Referring to the drawings, a vacuum cleaner housing 10 incorporates various components which are well known, such as a motor 11, a rechargeable battery pack 12, a turbine impeller 13 and a dust-collecting compartment 14. A platform 15 formed in the housing 10 has a planar exposed lower surface 16. A brush head 17 which carries a rectangular shaped array of brush bristles 18 is releasably clipped against the surface 16 in conventional fashion.
The vacuum cleaner described thus far is well-known and its operation and its characteristics are familiar in the art. In normal use, the vacuum cleaner is manually swept over a brushing surface so that the bristles sweep up dust and debris, which is then drawn into the vacuum cleaner via a central forward inlet 19 in the housing 10. The swept materials are collected in the compartment 14.
Embodiments of the invention include a rectangularly shaped skirt 20 that is attached (or could be integrally formed with) the housing 10 or the head 15 and that extends downwards inside and adjacent the array of bristles 18. A lower peripheral edge 21 of the skirt is positioned for normal sweeping above remote ends of the bristles 18 and the skirt changes little, or does not change generally, the overall characteristics or operation of the vacuum cleaner for normal sweeping. However, the skirt significantly improves the vacuum, or sucking, applied adjacent the swept surface so as to more effectively sweep up the dust and debris disturbed during sweeping. The skirt causes the vacuum to be actually applied relatively close to the swept surface in use and more importantly any flow laterally and through between the bristles 18 is suppressed or significantly reduced. As the bristles are inherently flexible, the vacuum cleaner may be pressed firmly against the swept surface so that the lower peripheral edge of the skirt can press directly against the swept surface to further concentrate the effect of the vacuum (sucking) to remove dust and debris more efficiently.

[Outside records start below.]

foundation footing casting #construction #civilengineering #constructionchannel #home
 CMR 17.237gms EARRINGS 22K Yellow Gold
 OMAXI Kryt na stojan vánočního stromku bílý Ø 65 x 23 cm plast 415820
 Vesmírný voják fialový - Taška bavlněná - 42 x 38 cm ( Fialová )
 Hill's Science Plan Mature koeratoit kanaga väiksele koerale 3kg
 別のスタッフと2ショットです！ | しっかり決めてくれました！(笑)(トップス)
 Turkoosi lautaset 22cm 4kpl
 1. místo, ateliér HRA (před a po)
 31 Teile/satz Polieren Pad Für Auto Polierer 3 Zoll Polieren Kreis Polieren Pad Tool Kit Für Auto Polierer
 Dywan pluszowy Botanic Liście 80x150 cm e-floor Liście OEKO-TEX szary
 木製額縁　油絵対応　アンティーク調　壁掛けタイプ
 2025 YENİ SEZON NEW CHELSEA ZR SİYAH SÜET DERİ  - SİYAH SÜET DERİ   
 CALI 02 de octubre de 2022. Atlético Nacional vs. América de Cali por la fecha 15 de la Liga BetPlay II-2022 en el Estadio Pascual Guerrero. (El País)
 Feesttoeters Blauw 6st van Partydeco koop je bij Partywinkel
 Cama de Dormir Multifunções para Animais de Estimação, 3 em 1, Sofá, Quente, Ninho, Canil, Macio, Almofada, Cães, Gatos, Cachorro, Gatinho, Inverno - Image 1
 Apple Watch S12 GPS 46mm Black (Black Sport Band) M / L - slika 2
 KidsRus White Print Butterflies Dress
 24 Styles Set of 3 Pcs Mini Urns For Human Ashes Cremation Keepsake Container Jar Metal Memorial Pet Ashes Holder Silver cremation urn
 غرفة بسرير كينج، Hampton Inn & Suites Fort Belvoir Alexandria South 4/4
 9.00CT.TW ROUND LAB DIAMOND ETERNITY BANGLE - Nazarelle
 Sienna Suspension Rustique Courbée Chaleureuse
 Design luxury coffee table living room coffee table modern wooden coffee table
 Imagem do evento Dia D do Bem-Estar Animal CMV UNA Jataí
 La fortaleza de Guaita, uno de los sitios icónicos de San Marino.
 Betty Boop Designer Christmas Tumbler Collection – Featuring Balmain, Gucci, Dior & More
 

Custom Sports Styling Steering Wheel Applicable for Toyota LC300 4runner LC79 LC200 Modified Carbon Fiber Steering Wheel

Vacuum cleaners of the present invention can therefore be used for sweeping in the normal way but have been found to be much more effective in removing the dust and debris because the vacuum created by the impeller 13 is more effectively applied to the swept surface.
The skirt 20 may be made of flexible material such as rubber or plastics that can conform, at least to some extent, to swept surfaces that are non-planar. The lower peripheral edge 21 may be formed with a plurality of narrow slits 22 to allow the skirt to flex more readily and conform to non-planar brushing surfaces when required.
Skirts as described may be provided in like manner for other vacuum cleaners such as “barrel” or “upright” cleaners, where the vacuum cleaner body is not manually carried in use but mounted on wheels or slides. In those cases, a brush head is usually connected to the body by a hose and only the head is manually supported and swept over the brushing surface.
FIG. 3 shows the brush head of FIG. 1 and FIG. 4 shows another form of brush head. The only difference between the heads is that the bristles in FIG. 3 are longer. In each case, the skirt 20 extends well down towards and adjacent the ends of the respective bristles 18. The brush heads both have suitable clips 21 and 22 that releasably engage in cooperating recesses integrally formed in the housing 10, in a manner well-known in the art.